[[ DATA IN THIS EXERCISE open ]]
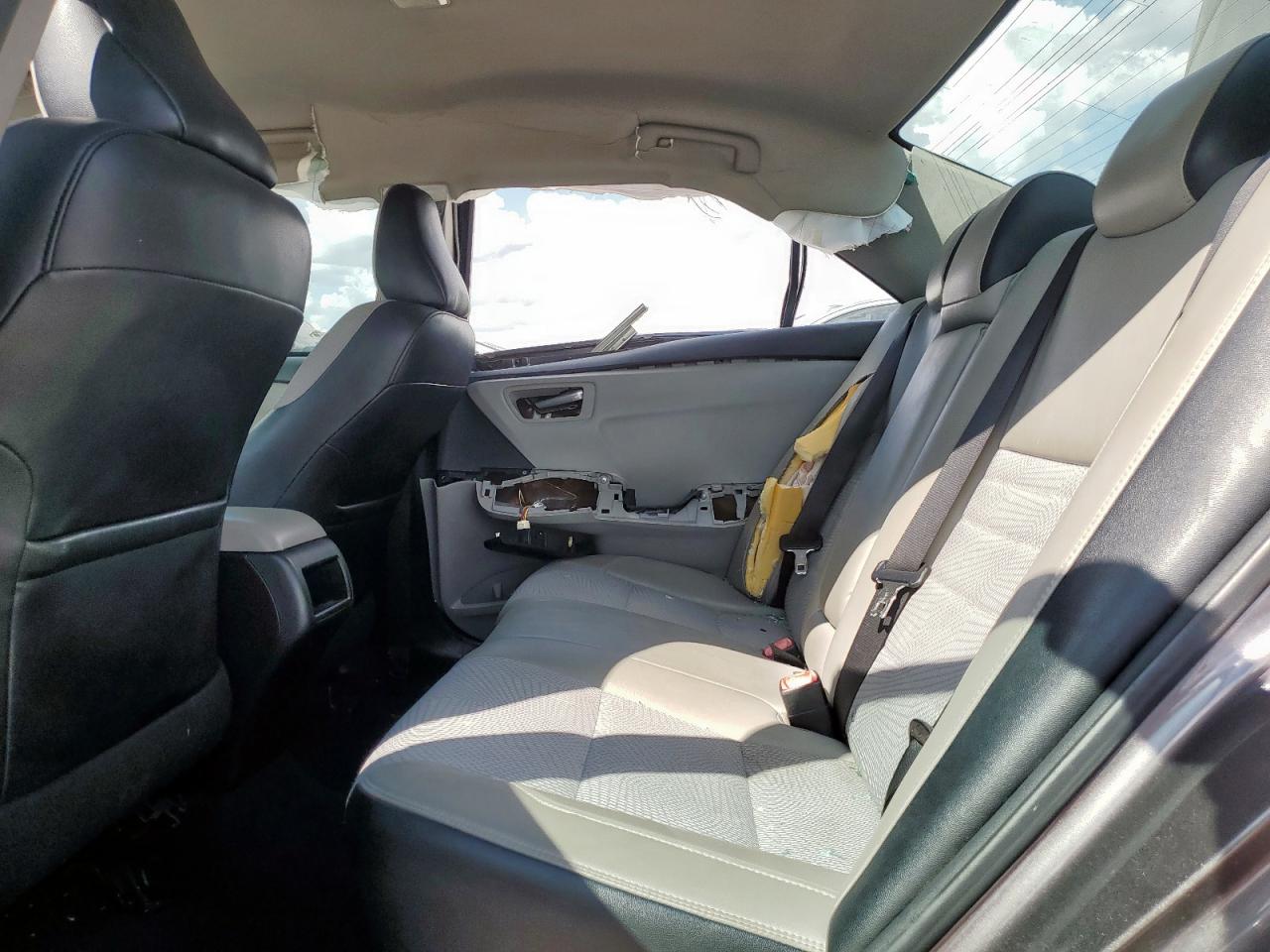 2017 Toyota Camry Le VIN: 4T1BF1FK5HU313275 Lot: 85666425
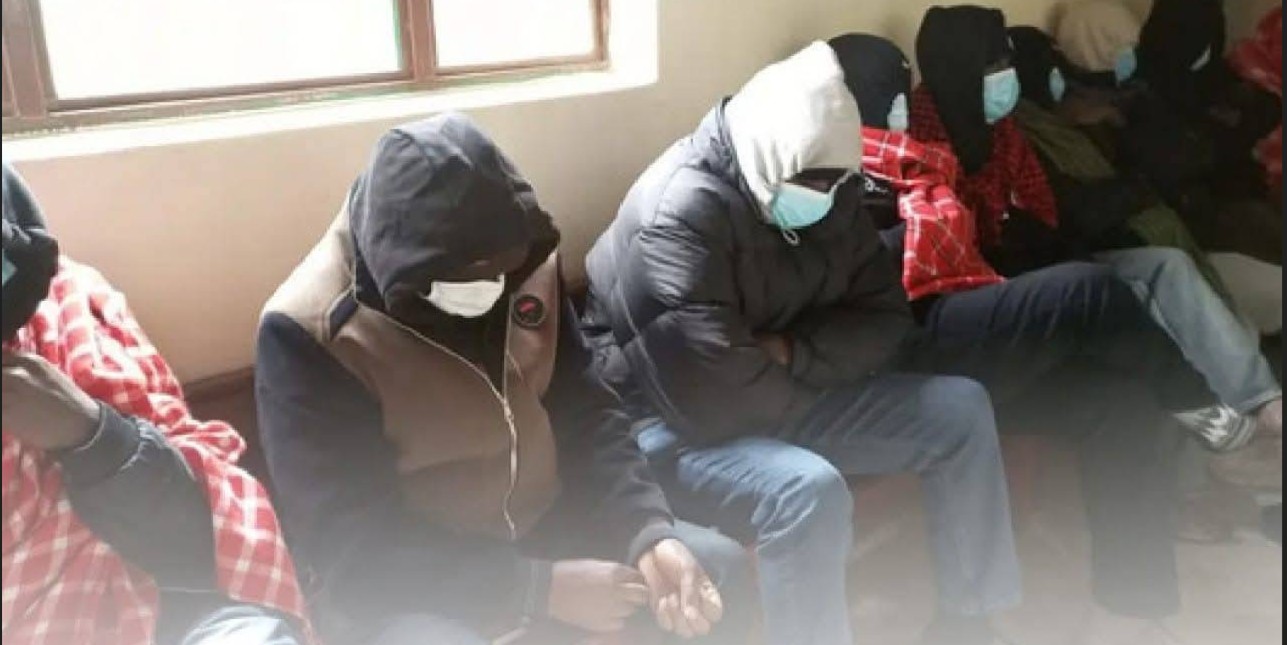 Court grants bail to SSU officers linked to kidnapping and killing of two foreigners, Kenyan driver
[[ DATA IN THIS EXERCISE closed ]]
[[ DATA IN THIS EXERCISE open ]]
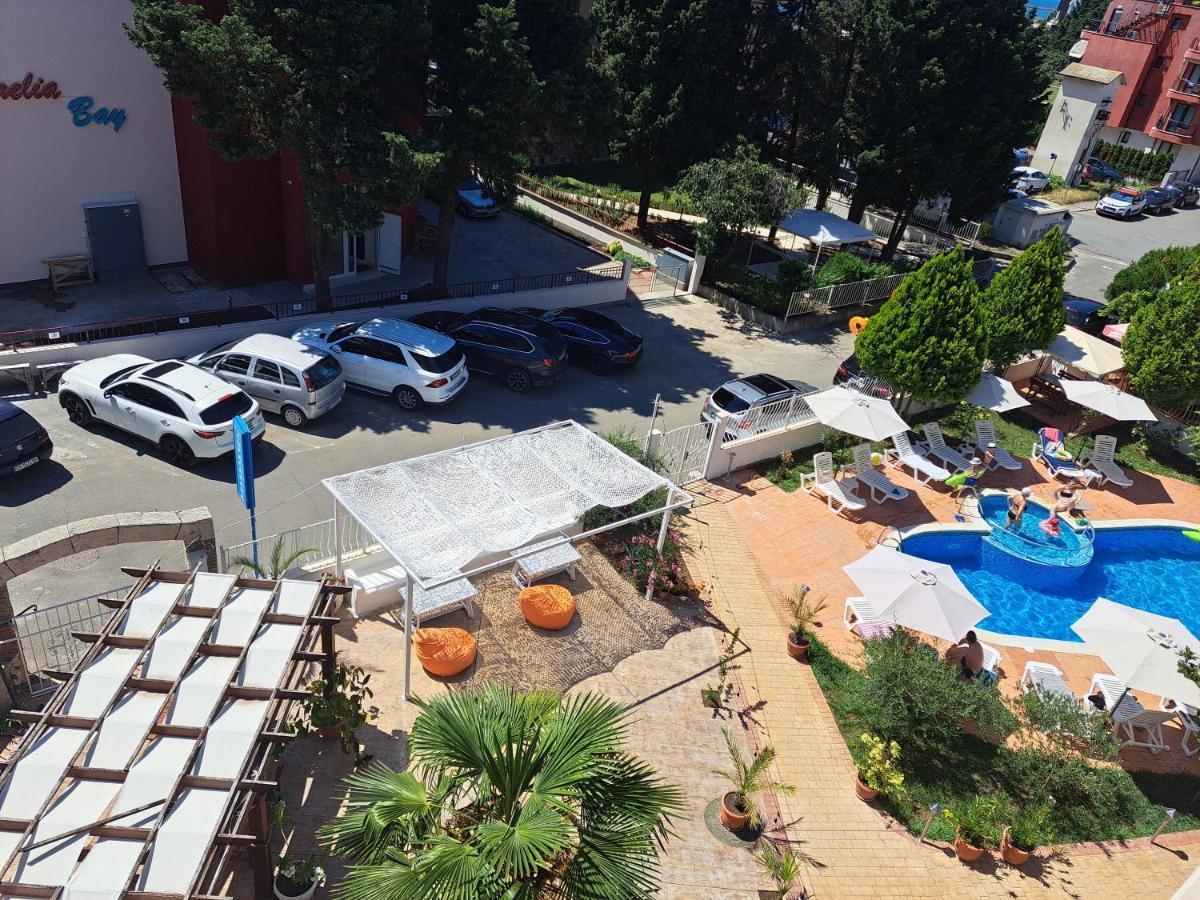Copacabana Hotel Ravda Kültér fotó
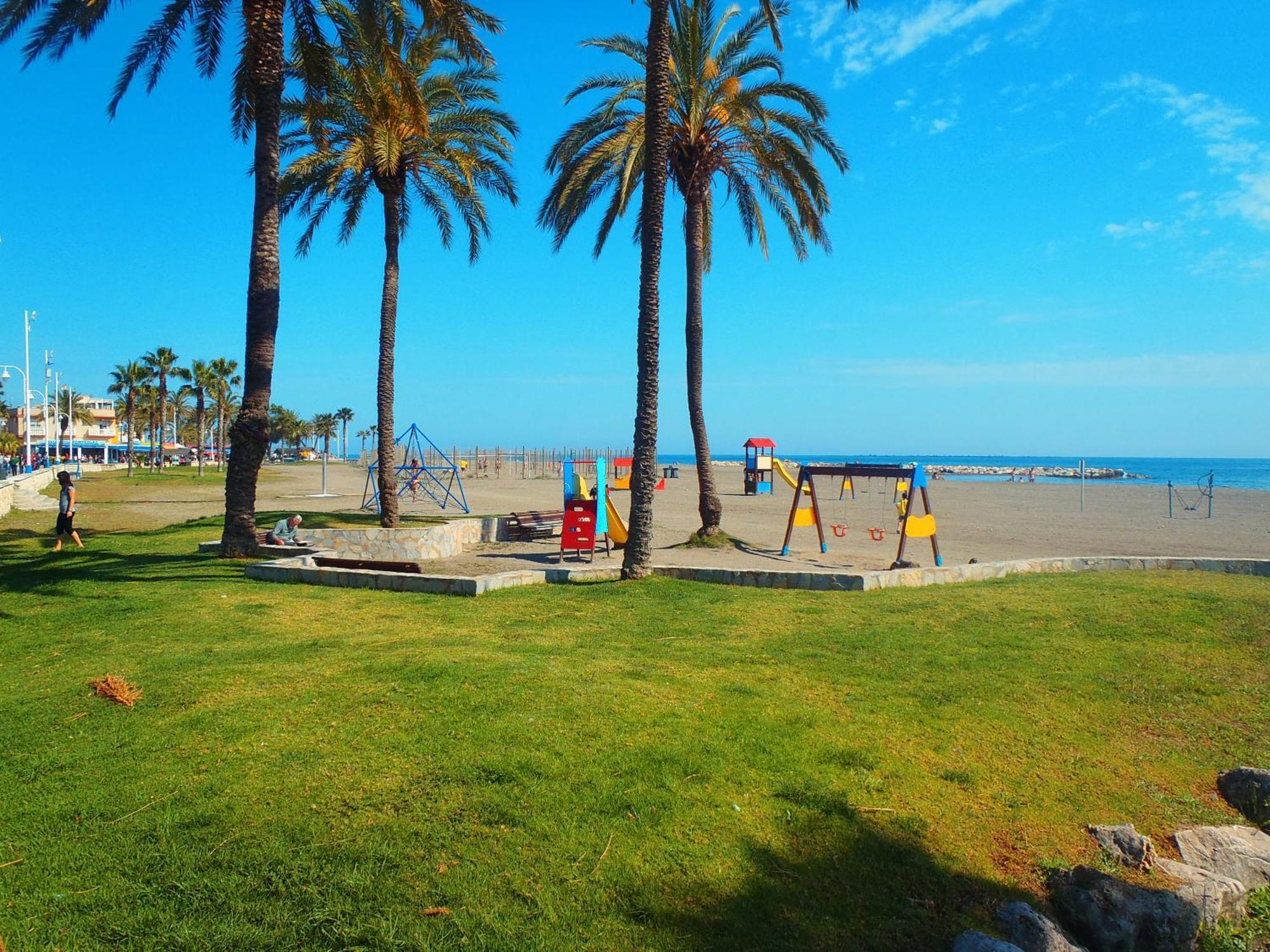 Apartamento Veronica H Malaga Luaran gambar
[[ DATA IN THIS EXERCISE closed ]]
> _REQUIRED ACTION_:
Within these entries, output exactly the lines starting at the one with "2017 Toyota Camry" and finishing at the one with "Court grants bail". Leave pictures out of the output.

> _WRITTEN ANSWER_:
 2017 Toyota Camry Le VIN: 4T1BF1FK5HU313275 Lot: 85666425
 Court grants bail to SSU officers linked to kidnapping and killing of two foreigners, Kenyan driver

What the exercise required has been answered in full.